Григорий Гуковский - "Слово о полку Игореве"
Вместе с тем Гуковскому приходилось не только разрабатывать принципы применения марксистской методологии к русской литературе XVIII века, но и отстаивать свое право заниматься этой литературой вообще. «Нужно ли доказывать необходимость изучения культуры прошлого, в частности изучения крепостнической и антикрепостнической культуры в период расцвета крепостничества?»* – спрашивал он на страницах тома «Литературного наследства», специально посвященного русскому XVIII столетию. Вопрос этот носил, однако, всецело риторический характер. Было ясно, что доказывать нужно. Недаром и статья, из которой извлечена приведенная цитата, называлась «За изучение восемнадцатого века».
* Литературное наследство. М.-Л., 1933. Т. 9-10. С. 296. По свидетельству И.З. Сермана, первоначально статья называась еще более выразительно «На защиту восемнадцатого века».
В том же томе «Литературного наследства» была опубликована статья Д.П. Мирского «О некоторых вопросах изучения русской литературы XVIII века», где совершенно недвусмысленно утверждалось: «Признание ценности Державина не должно заслонять его полной враждебности.
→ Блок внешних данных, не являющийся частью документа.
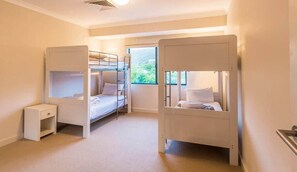 A room with bunk beds, a small bedside table, and a window with a view. - Surfside 9: In the Idyllic Yallingup Beach Scene (Yallingup)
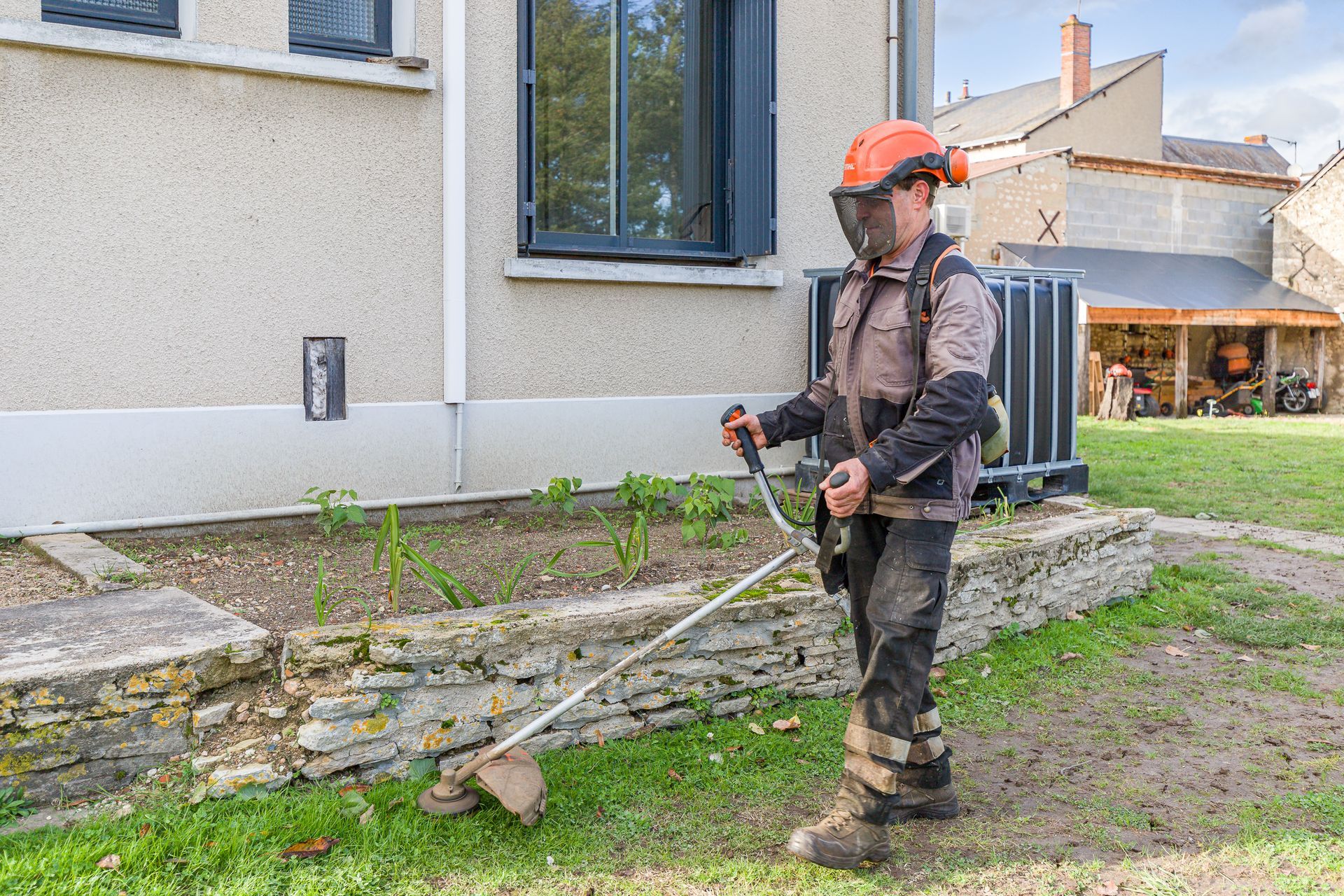 Professionnel d'EMPLOI PLURI-SERVICES taillant une pelouse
Тем не менее допустимо переносить это признание на остальную дворянскую литературу XVIII века. Эта последняя не может рассчитывать на какое-либо возрождение, она сохраняет свой интерес только как часть огромного архива прошлого. <...> В этом архиве она занимает один из отдаленных закоулков»*. Надо сказать, что и большинство исследователей, так или иначе оспаривавших эту точку зрения, выдвигали на первый план в литературе восемнадцатого столетия третьесословные или демократические элементы, в большей мере достойные внимания советского литературоведения.
* Литературное наследство. М.-Л., 1993. Т. 9-10. С. 509.
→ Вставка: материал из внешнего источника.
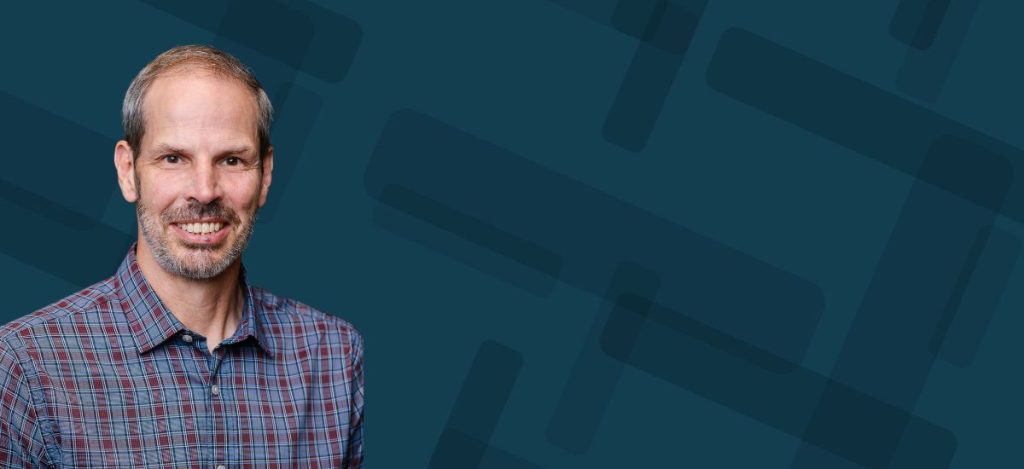 A headshot of Brian Haberman over a blue node background.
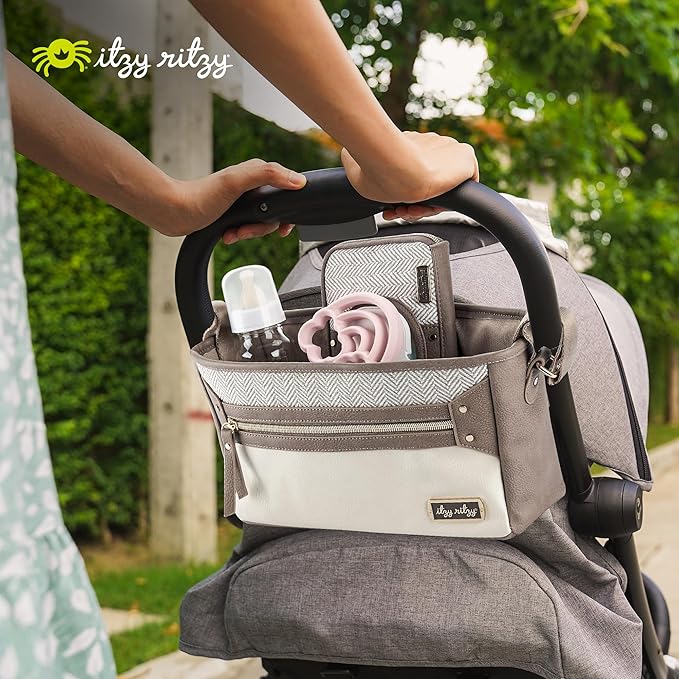 Itzy Ritzy Adjustable Stroller Caddy and Organizer Bag Featuring Front Zippered Pocket, 2 Built-In Interior Pockets & Adjustable Straps to Fit Nearly Any Stroller (Vanilla Latte)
Между тем Гуковский был глубоко убежден, что литература XVIII века и прежде всего ее наиболее художественно совершенная часть – литература дворянская заслуживает внимания современных читателей. «Анализ литературы XVIII века под углом зрения марксизма еще не начинался, – писал он в своей статье ... Мы должны открыть XVIII век для вузовца, для преподавателя школы, для рабочего, которого интересует судьба нашей литературы. <...> Наука изучает преимущественно живое, а не мертвое, потому что она питается художественными течениями, идеями и восприятиями общества ее создающего»*. Однако убежденность в том, что творчество «Державина, Карамзина, Сумарокова» – живое явление, требовалось подкрепить соответствующими социологическими выкладками. Гуковский находил здесь себе опору в выдвинутой им ранее концепции внутренней противоречивости и разнородности русского классицизма. Только теперь под эту разнородность подводились социально-классовые детерминанты.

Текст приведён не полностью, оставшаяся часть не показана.